A wasted opportunity.

January 3rd, 2009
by Peter Richmond

So now that January is officially up and running and the planet continues to spin despite frayed nerves in every corner of the globe and any number of ways that it could grind to a halt in mid-orbit, February appears to be on schedule to succeed it, month-wise. This means that spring training beckons, which means that in a couple of months baseball will be played in two new stadiums (stadia?) in New York City.

Fine. Except that both of them are supposed to look old. Which I just don’t get. My hometown has squandered an amazing opportunity. It had a chance to make history. Instead, it looked back. And spent a couple of billion dollars to build a couple of retro ballparks — when it could have pushed the artistic envelope, and put a city which hasn’t built anything remotely gasp-makingly beautiful in seven or so decades back on the global architectural map.

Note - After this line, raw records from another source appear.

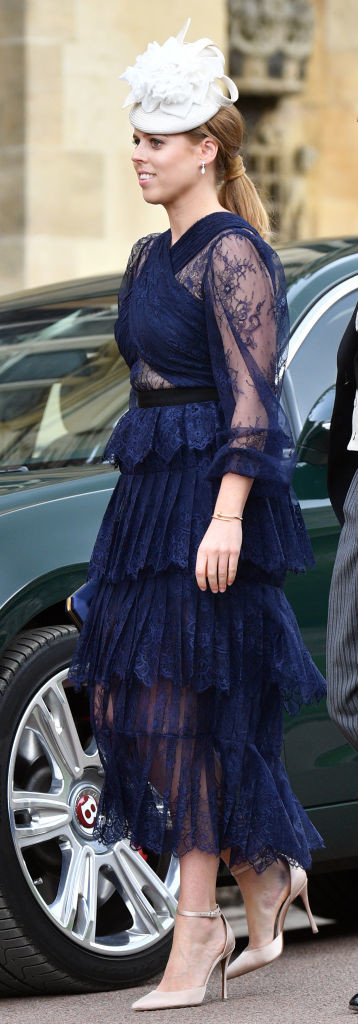 The Wedding Of Lady Gabriella Windsor And Mr Thomas Kingston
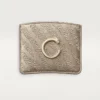 Card Holder, Panthere C Card Holder, Panthere C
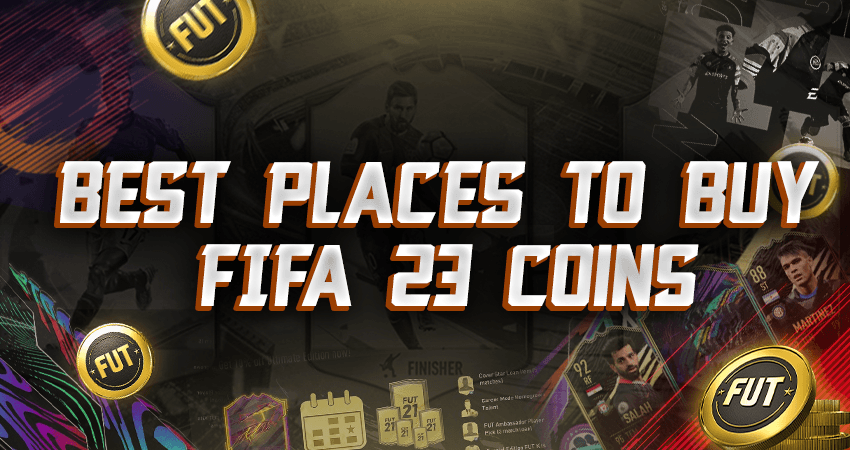 Buy FIFA 23 Coins
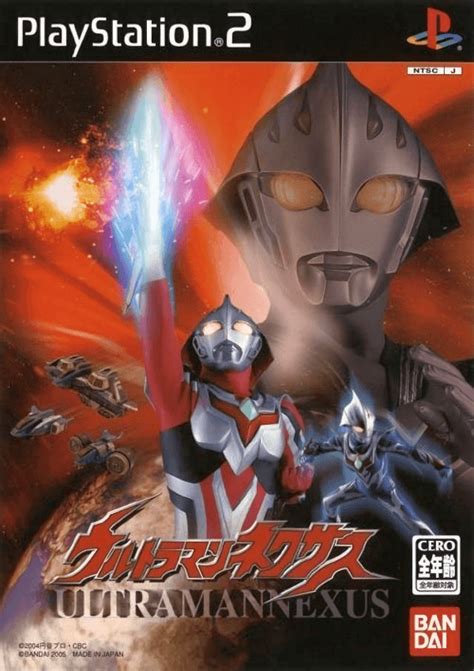 Ultraman Nexus | PS2 | ROM & ISO Download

Let’s forget about whether the two new ballparks needed to be built in the first place. (Okay, for the record: Yankee Stadium didn’t need to be replaced when it draws 4 million fans a year and the team can afford to buy every free agent on the globe; Shea was an obsolete shell. I’ll grant you that.) Let’s focus instead on what stadium architecture – what large-scale modern architecture of any kind — can mean to a city. Let’s talk about the Bird’s Nest in Beijing. The Sydney Opera House. The art museum in Bilbao.

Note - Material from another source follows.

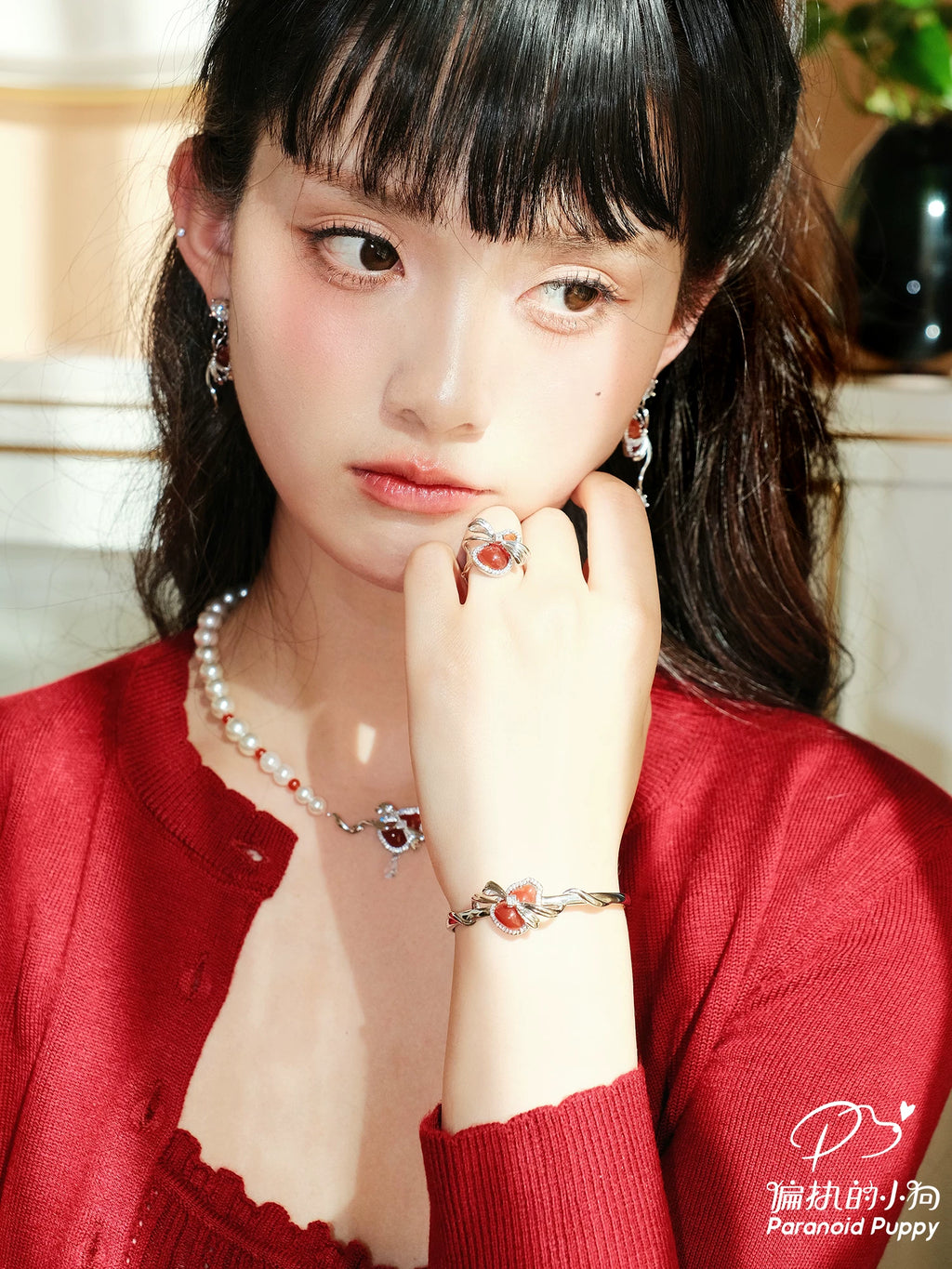 PP Niche Gourd Bracelet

Let’s talk about what the city could have gotten for its billions of bucks: at least one visionary, stunning, newsmaking, adventurous, mold-breaking stadium, designed by a cutting-edge architect. A stadium whose design provoked glee, wonder, debate, discussion. As any world-class city’s architecture should.

Now let’s talk about what the city got for its money: two incredibly expensive edifices designed to remind you of the hallowed past: An imitation of the old Yankee Stadium, which makes nominal sense, and an imitation of Ebbets Field, which – since the original Ebbets belonged to the Dodgers – makes no sense at all. (This isn’t even nostalgia. It’s ripped-off nostalgia!)

It’s bad enough that baseball is permanently wedded to its past, with its reverence for ossified statistics (“That ties him with Wee Willie Keeler for 47th on the all-time list for triples on a cloudy Tuesday!”) It’s much worse when that blind love of the good old days – which weren’t all that good — blinds it to progress.